Data for analysis →
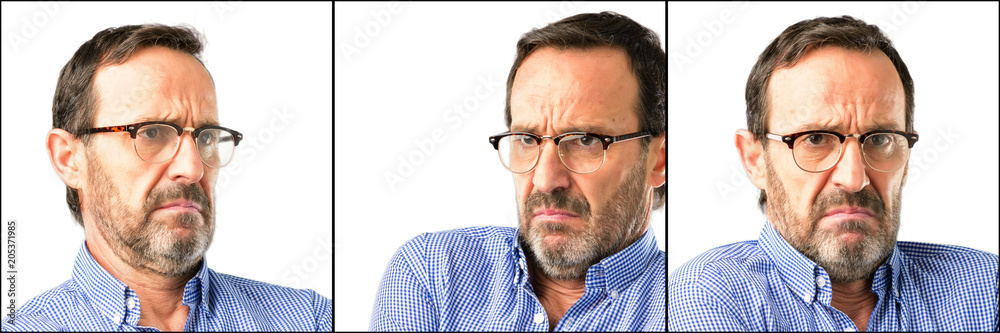 Middle age handsome man closeup with crossed arms confident and happy with a big natural smile laughing Middle age handsome man closeup with crossed arms confident and happy with a big natural smile laughing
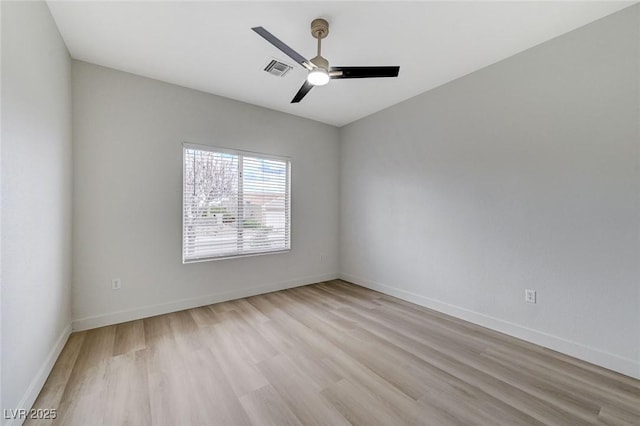 unfurnished room with a ceiling fan, baseboards, visible vents, and light wood-type flooring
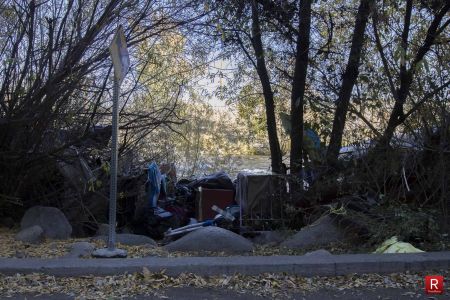 Garbage from a nearby homeless encampment is seen along the Truckee River.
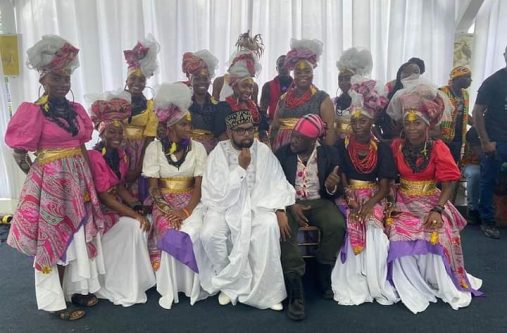 Unique Arts CEO Kelton Jennings (sitting, third from right) with President Dr. Irfaan Ali and some of his dancers following a performance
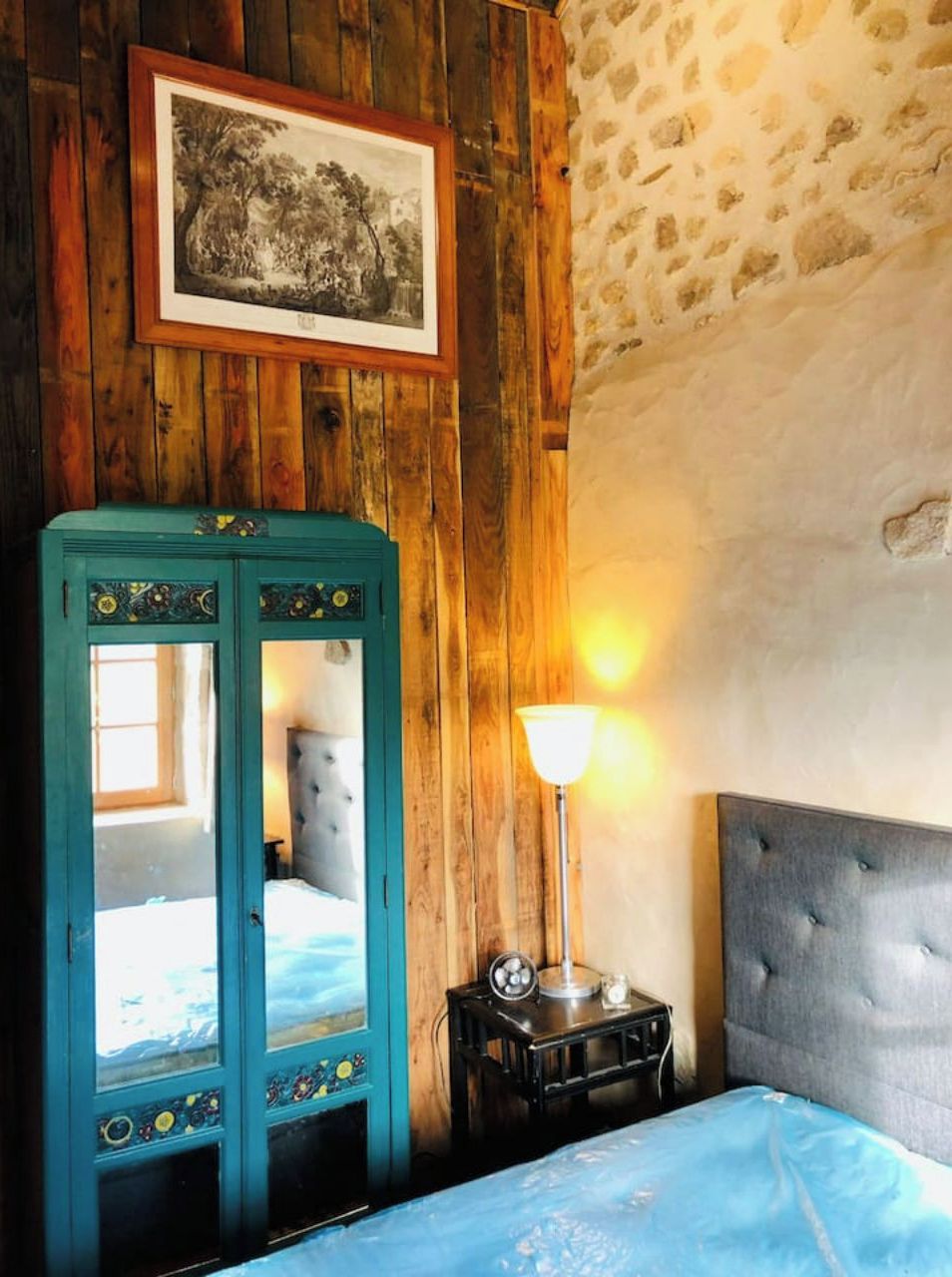 Una habitación con pared de madera, cama con cabecera gris, armario verde azulado, mesita de noche pequeña con lámpara y un cuadro enmarcado en la pared.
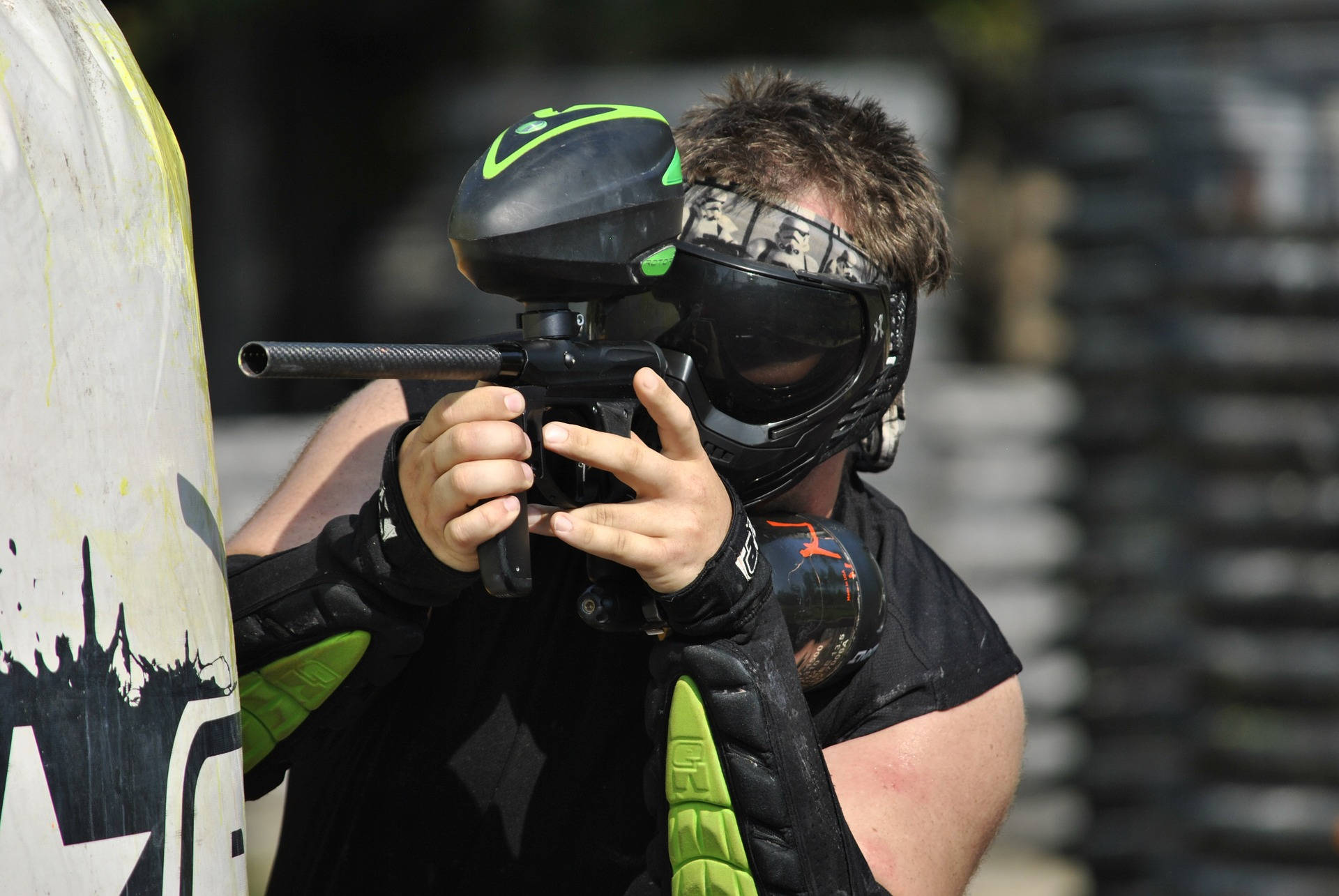 Man In Green Elbow Pads Shooting Paintball Background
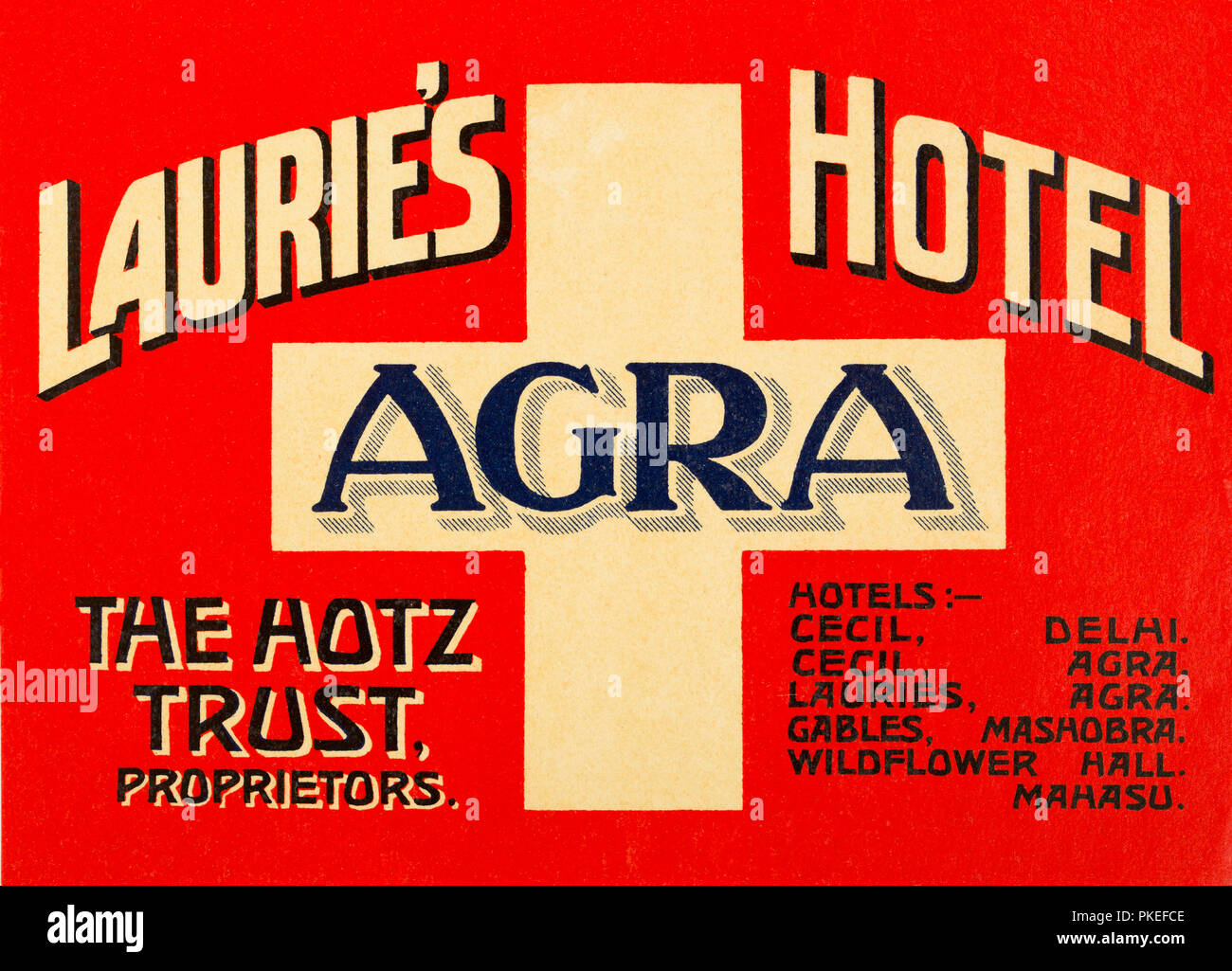 A vintage luggage label for Laurie's Hotel in Agra, India - The Hotz Trust, Proprietors - The equilateral cross and colors have their origins from the Stock Photo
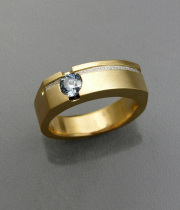 Round cut blue sapphire bezel set in yellow gold with a recessed textured platinum inlay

What is required → Every line from the one with "Unique Arts CEO" to the end of the records above should be restated word for word, and no picture belongs in the copy.

Answer box →
 Unique Arts CEO Kelton Jennings (sitting, third from right) with President Dr. Irfaan Ali and some of his dancers following a performance
 Una habitación con pared de madera, cama con cabecera gris, armario verde azulado, mesita de noche pequeña con lámpara y un cuadro enmarcado en la pared.
 Man In Green Elbow Pads Shooting Paintball Background
 A vintage luggage label for Laurie's Hotel in Agra, India - The Hotz Trust, Proprietors - The equilateral cross and colors have their origins from the Stock Photo
 Round cut blue sapphire bezel set in yellow gold with a recessed textured platinum inlay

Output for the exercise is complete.